--- Source data ---
Segment Open
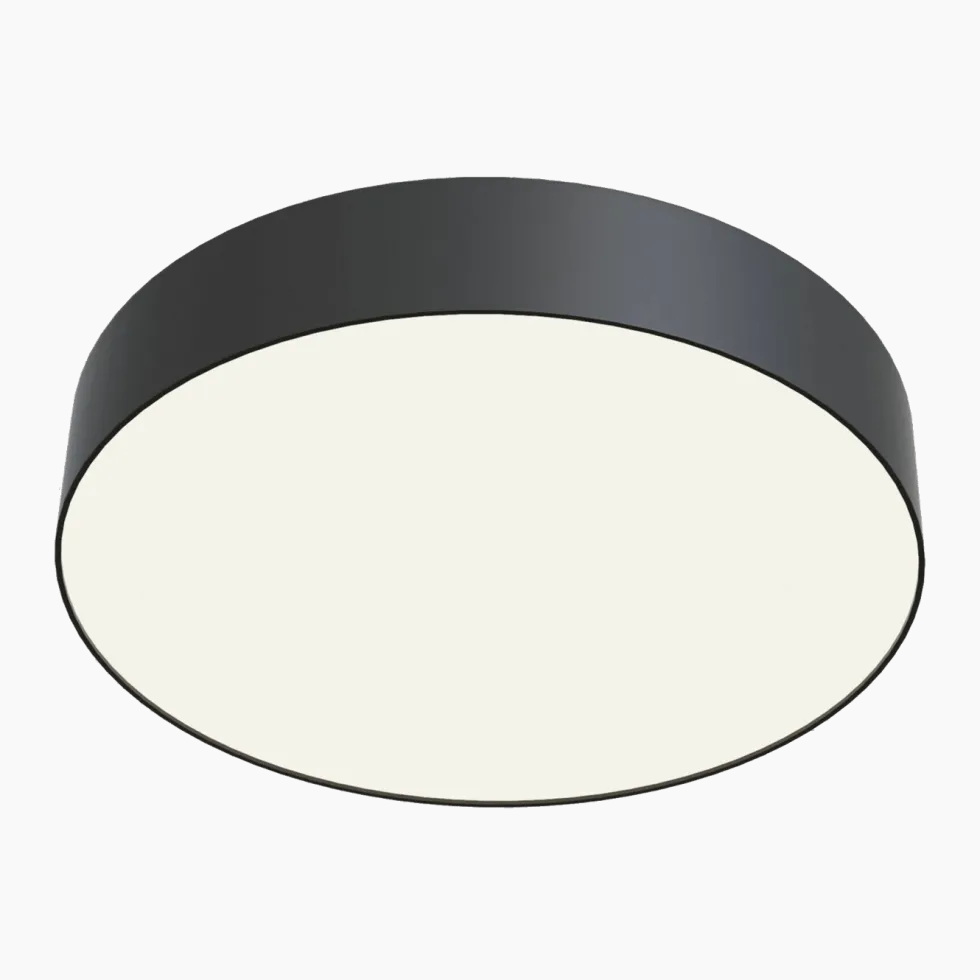 Plafonnier en aluminium et plastique noir 30 x 5,5 cm Zon - Maytoni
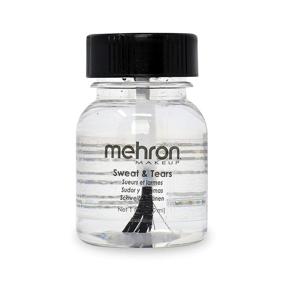 img 2 attached to 🌧️ Mehron Makeup Sweat & Tears Special Effects Liquid (1 oz): Улучшите ваш реализм на экране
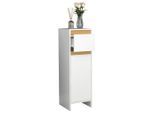 Mid.you , Weiß, Honigeiche , Holzwerkstoff , 1 Fächer , 1 Schublade(n) Schubladen , 30x95x30 cm , stehend , Kleinmöbel, Kommoden, Highboards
Segment Closed
--- Task details ---
Restate word for word the lines from the one with "img 2 attached" to the end of the material, both included. Do not include the pictures.

--- Task solution ---
 img 2 attached to 🌧️ Mehron Makeup Sweat & Tears Special Effects Liquid (1 oz): Улучшите ваш реализм на экране
 Mid.you , Weiß, Honigeiche , Holzwerkstoff , 1 Fächer , 1 Schublade(n) Schubladen , 30x95x30 cm , stehend , Kleinmöbel, Kommoden, Highboards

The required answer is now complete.